**TASK:** Where the line containing "Dwuwarstwowy naszyjnik z" appears below, start there and repeat each line exactly to the end. Leave the pictures out.

**COLLECTED DATA:**
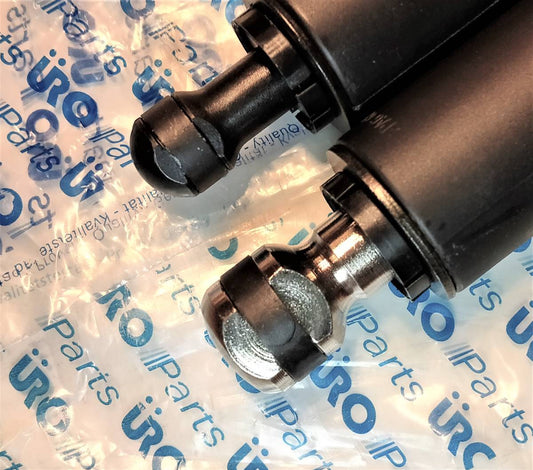 ポルシェ CAYENNEカイエン (957:2007-2010年)リアゲート用ガスダンパー2本セット【URO製・新品】*パワーゲート車以外に適合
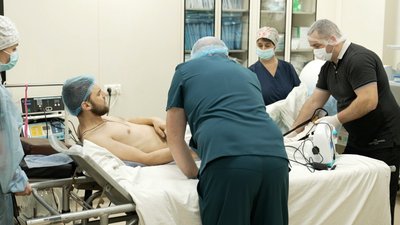 Медик з Вінниччини після фронту повернувся до роботи у військовому шпиталі Медик з Вінниччини після фронту повернувся до роботи у військовому шпиталі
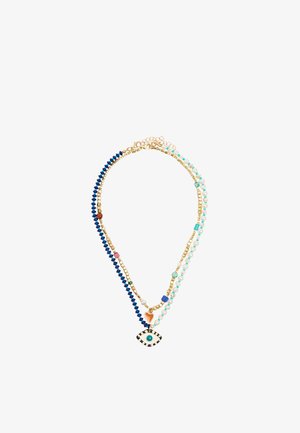 Dwuwarstwowy naszyjnik z koralików w kolorach złotym, niebieskim i białym, z małą pomarańczową zawieszką w kształcie serca oraz zawieszką w kształcie oka z kolorami czarnym, białym i turkusowym.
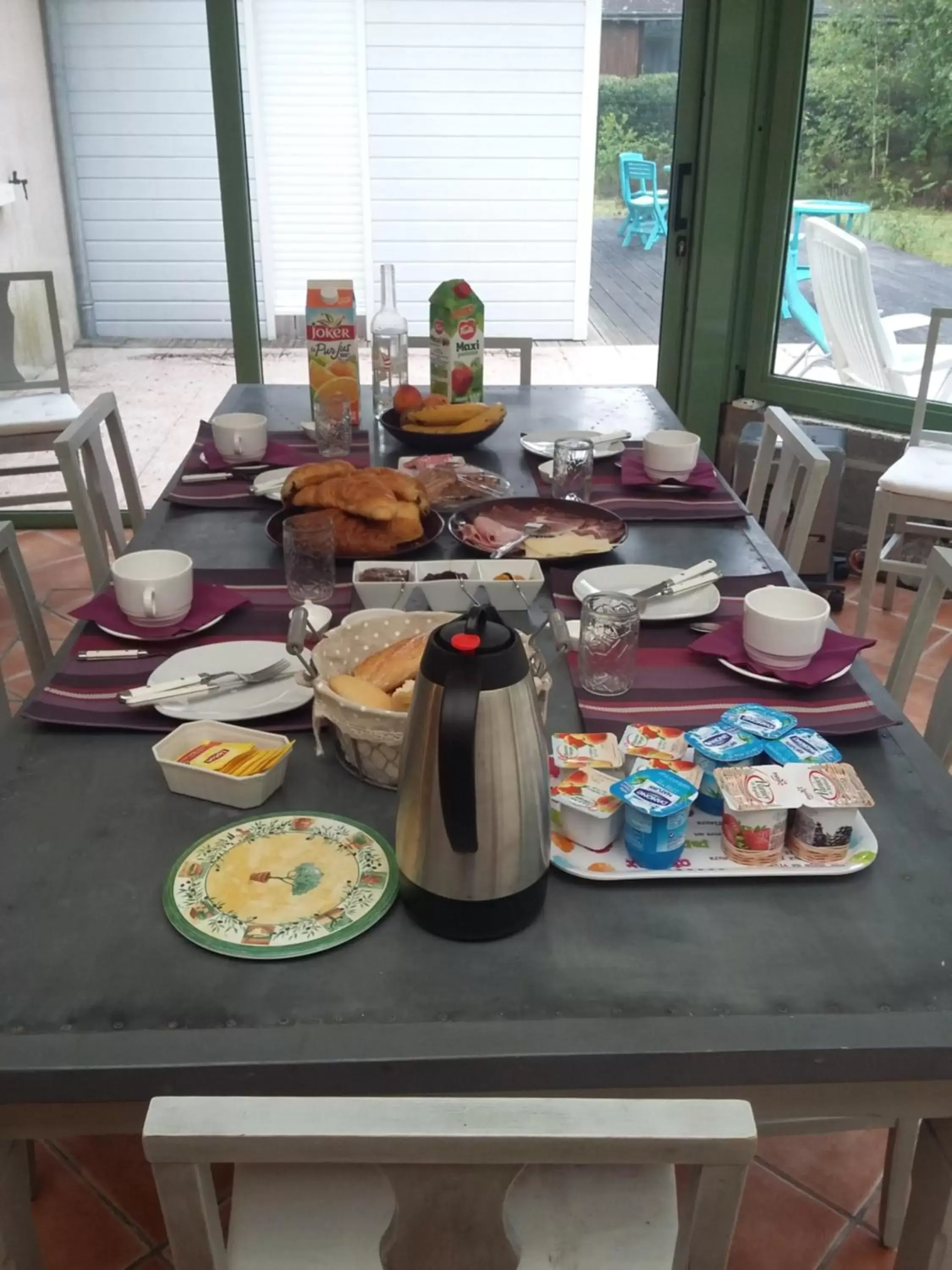 Breakfast in B&B La Forêt de Charmeuse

**EXERCISE RESPONSE:**
 Dwuwarstwowy naszyjnik z koralików w kolorach złotym, niebieskim i białym, z małą pomarańczową zawieszką w kształcie serca oraz zawieszką w kształcie oka z kolorami czarnym, białym i turkusowym.
 Breakfast in B&B La Forêt de Charmeuse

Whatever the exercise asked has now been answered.